▶ [Your objective]: Only the text of the records belongs in the answer, copied exactly, with every picture omitted.

▶ [Record excerpts]:
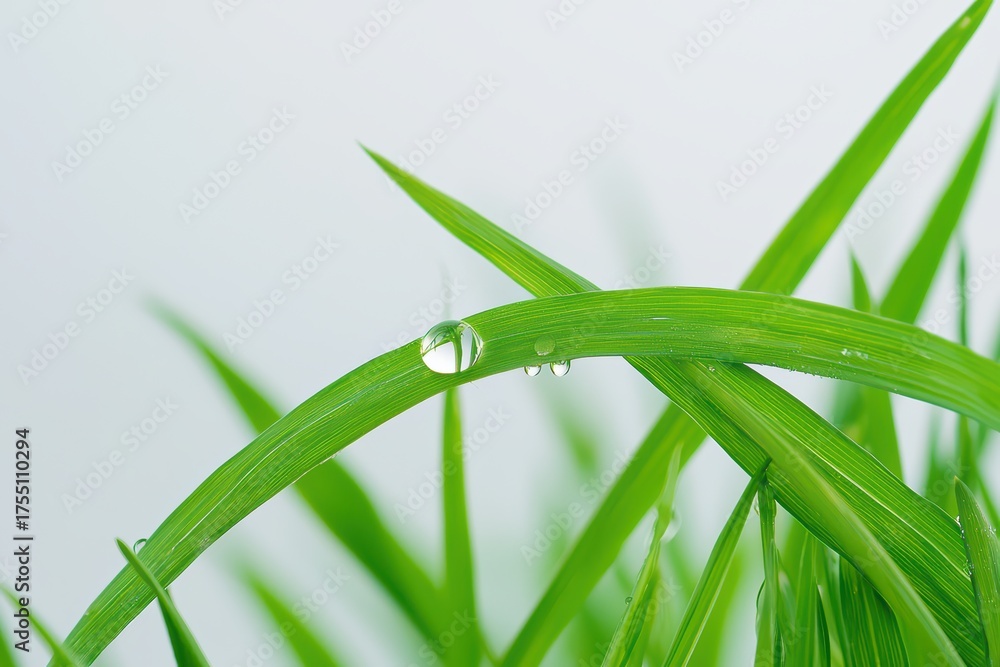 Fototapeta premium Grass concept. Close-Up of Fresh Green Grass Blades with Dew Drops Reflecting Light in a Tranquil Natural Setting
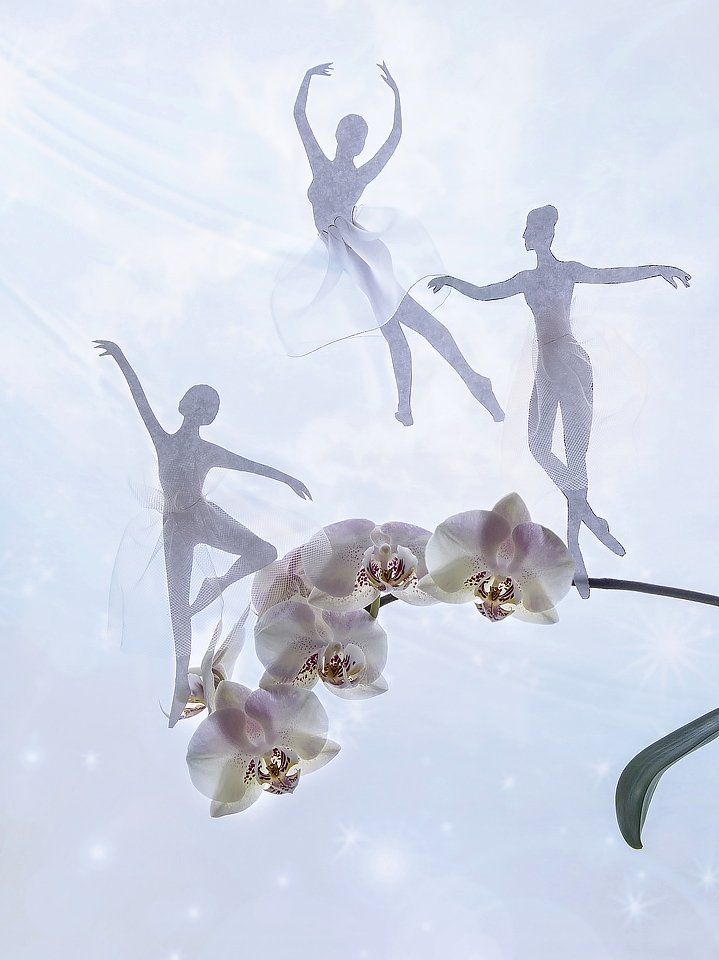 натюрморт, художественное фото, атмосферность, фигурки балерин, бумажные фигурки, ветка цветущей орхидеи, Ирина Приходько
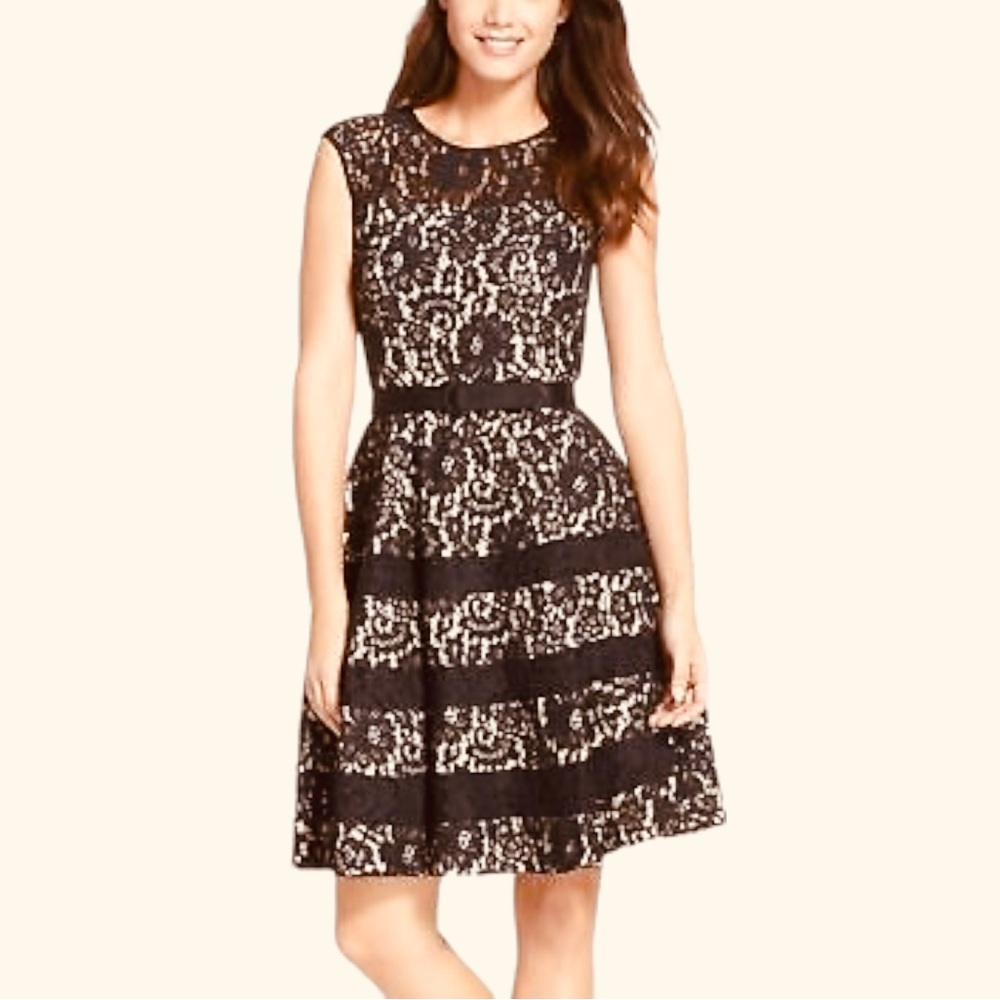 Eliza J Cap Sleeve Lace Fit & Flare Dress Size 2
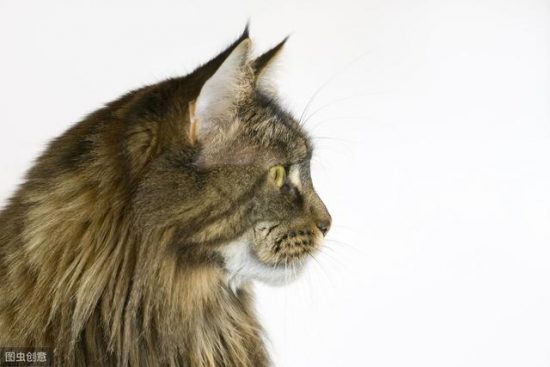 體型PLUS號的緬因貓，滿身都是閃光點，是最值得飼養的寵物貓 寵物 第1張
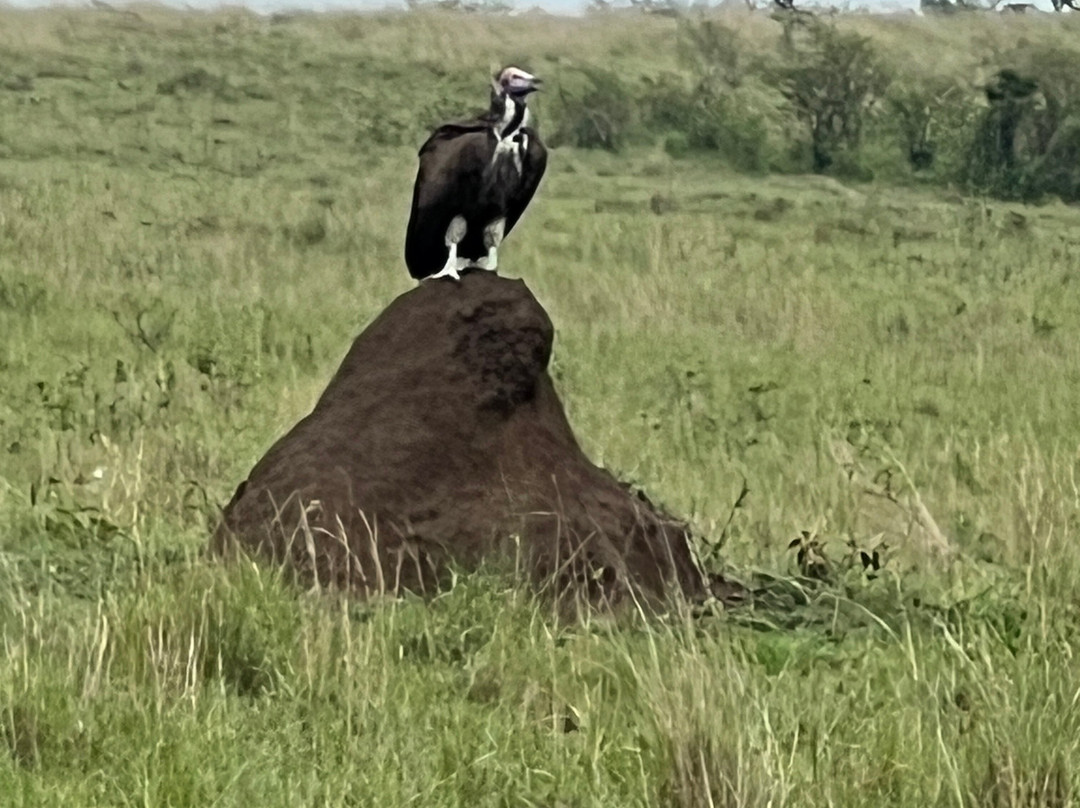 Belair Adventures And Safaris Limited-内罗毕必去景点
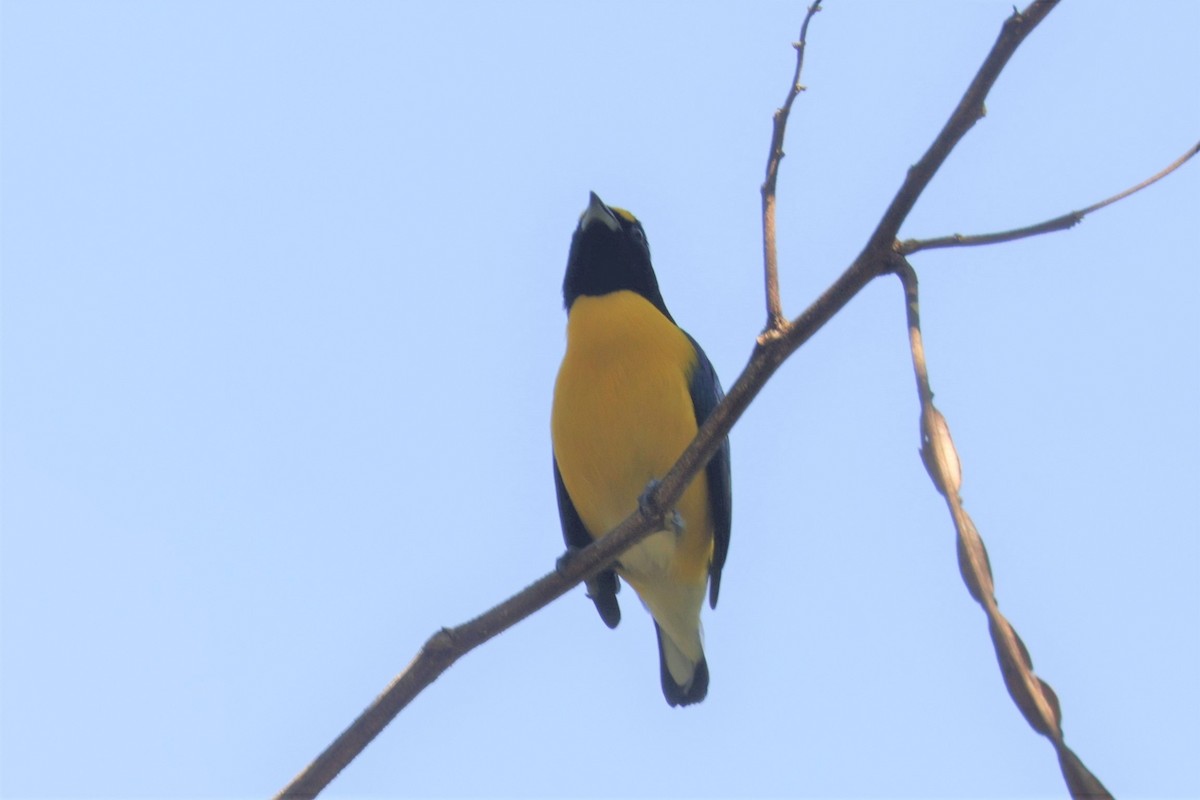 White-vented Euphonia - ML641400332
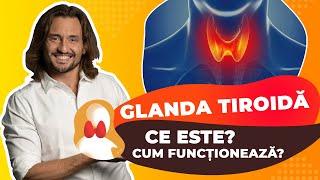 Glanda Tiroidă - Ce este și cum funcționează?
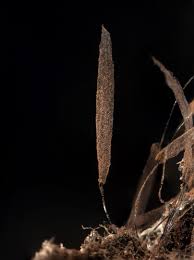 Attēlu rezultāti vaicājumam “Stemonitis lignicola”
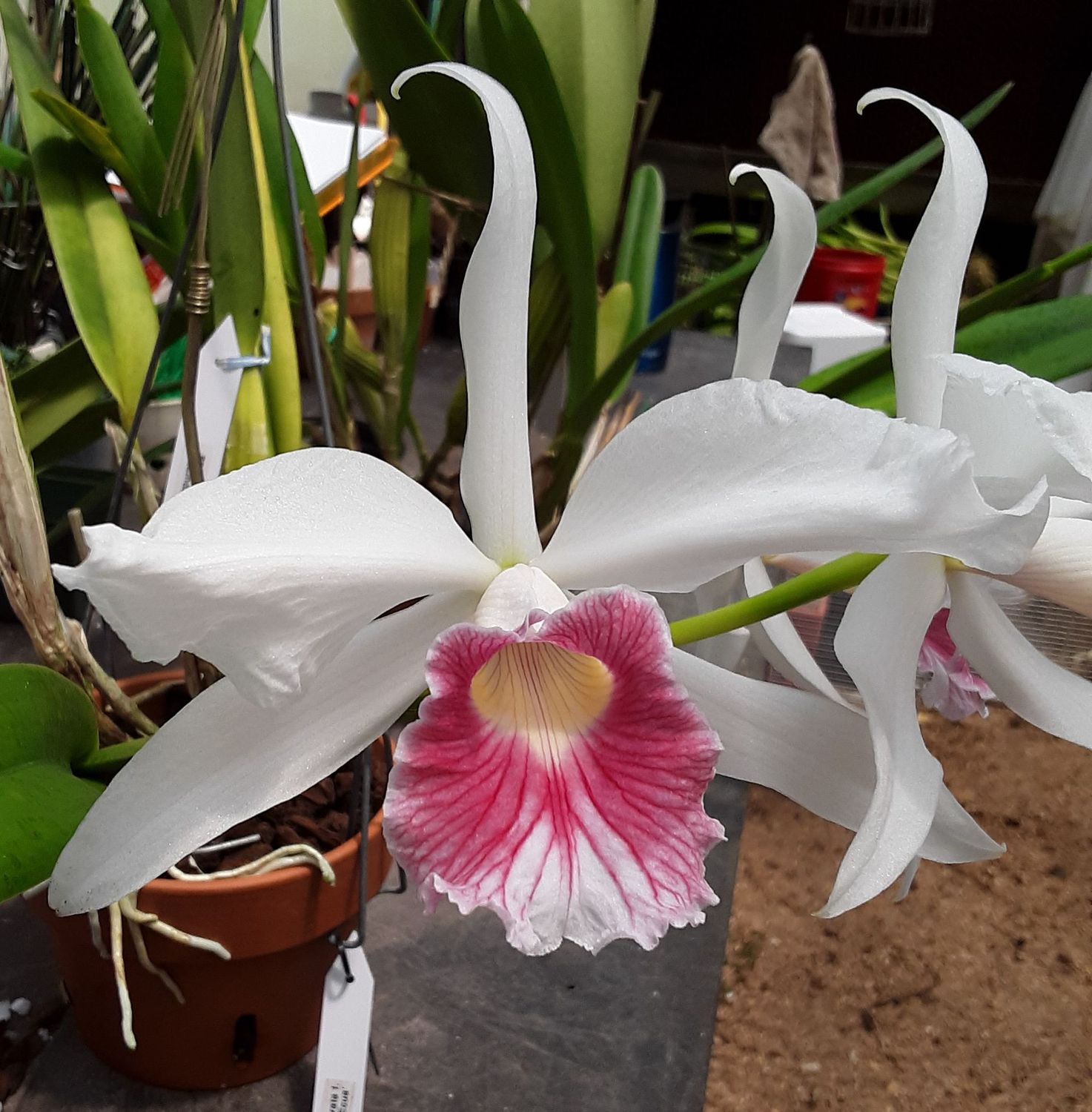 Cattleya purpurata v. carnea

▶ [Finished task]:
 Fototapeta premium Grass concept. Close-Up of Fresh Green Grass Blades with Dew Drops Reflecting Light in a Tranquil Natural Setting
 натюрморт, художественное фото, атмосферность, фигурки балерин, бумажные фигурки, ветка цветущей орхидеи, Ирина Приходько
 Eliza J Cap Sleeve Lace Fit & Flare Dress Size 2
 體型PLUS號的緬因貓，滿身都是閃光點，是最值得飼養的寵物貓 寵物 第1張
 Belair Adventures And Safaris Limited-内罗毕必去景点
 White-vented Euphonia - ML641400332
 Glanda Tiroidă - Ce este și cum funcționează?
 Attēlu rezultāti vaicājumam “Stemonitis lignicola”
 Cattleya purpurata v. carnea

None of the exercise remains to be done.